PHP Builder Design Pattern Part II: Iterating through an Interface

practicalBuilder250Getting the Director Right

Part I of the Builder two-part series explains the Builder pattern and provides a simple example. Back in early 2009, I had used a similar example in ActionScript 2.0 that performed a similar task; namely building different Web pages from a single Builder pattern. (If you experienced déjà vu, it may be that you came across that earlier post.) At the time I added all of the necessary participants, but I really was not too concerned with certain details because the goal focused more on getting the participants to perform their tasks correctly than on some of the details. In Part I, the PHP example paid closer attention to details, but again, the focus was on exposition more than detailed features.

Figure 1: Director details in Builder class diagram.

Figure 1: Director details in Builder class diagram.

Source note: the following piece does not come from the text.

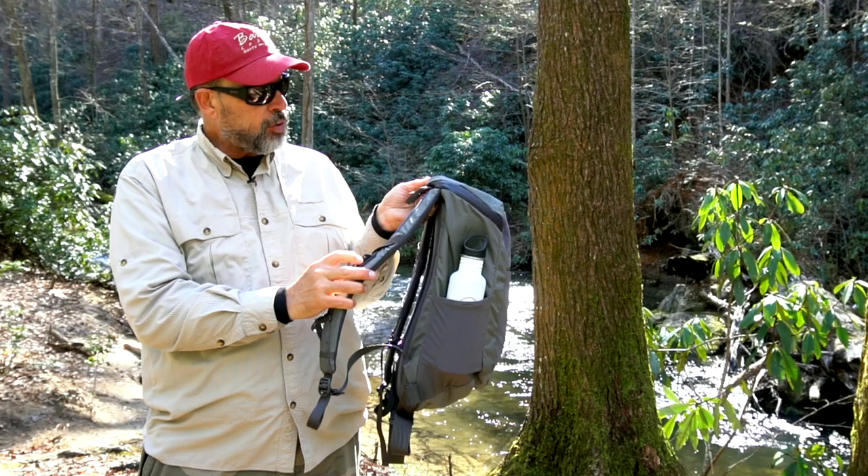It has a waist belt which is removable, which I like because these things never fit me — I'm always too long-torsoed for them, so I like to get rid of them as they're just in the way. And then another nifty feature down here: it has a little pocket that unzips and out pops a rain fly that's tethered to it. You can stretch this over the pack so if it starts to rain you can cover everything up and keep dry while you're hiking, then pull it off and stash it away.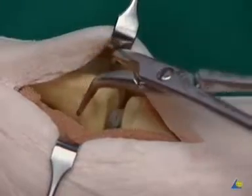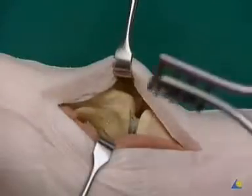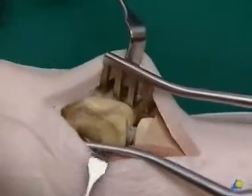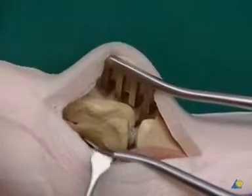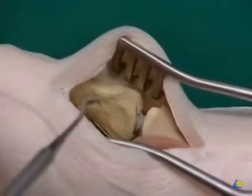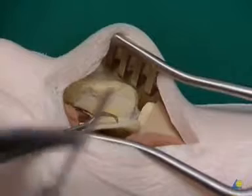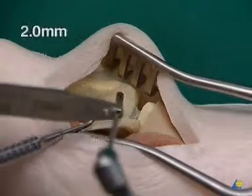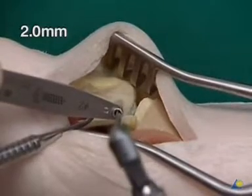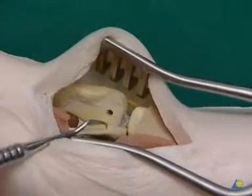For the planned inside-out method, the small reduction forceps is removed. After a wound spreader has been applied, the Bennett's fragment is folded over with a sharp hook. The first gliding hole is now drilled with a 2 mm drill bit, beginning at the fracture surface and aiming in the dorsal radial direction at a 90 degree angle to the fracture surface.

Figure 1 shows that portion of the original Gang of Four class diagram illustrating the role of the Director. Significantly is the pseudocode notation indicating some kind of loop through an object fires off the concrete Builder parts. In Part I, the Director simply runs all of the methods attached to a concrete builder. Most of the examples that I found of the Director, ranging from PHP to Java, use the same general approach.

Upon closer examination of the examples shown in the original Design Patterns: Elements of Reusable Object-Oriented Software, I realized that two different examples illustrated the Builder. The first one is an RTF Reader and the second is based on a Maze example from an earlier chapter. I had been digging through the code in the maze example without much luck. In the pseudocode notation of the RTF Reader, however, it shows a while loop used in conjunction with a switch statement. I tried writing similar code in PHP, and it worked like a champ, but it was not very reusable. (I rarely imply that GoF might have done something less than perfect!) So I went to work using the more abstract pseudocode notation in the structural class diagram. However, before getting into that, go ahead and test the application with the Play buttons and download all of the code.
PlayAPlayBDownload

Iterating Through an Object in PHP

All I needed to do was to create a simple loop that would iterate through an object. Originally, I thought that I’d need to use an object created by implementing a concrete Builder. However, in looking closely at the Builder class diagram, you can see that the Builder interface does not include a getResult() method. That method is only in the concrete Builder to get the assembled Product. Also, I found that I got a constructor function (__construct()) if I used a concrete Builder as a target object. So why not use the interface as the object? Figure 2 shows the general method for finding the methods in a class, and it works for interfaces as well.

Figure 2: Getting methods from classes and interfaces

Figure 2: Getting methods from classes and interfaces

So far so good. Now I have an object with all of the method names in string format. As you may know, PHP allows you to use strings to create variables, but you can also dynamically generate usable methods using variable functions. Figure 3 shows the format with an example of how to do it with a string stored in a PHP variable.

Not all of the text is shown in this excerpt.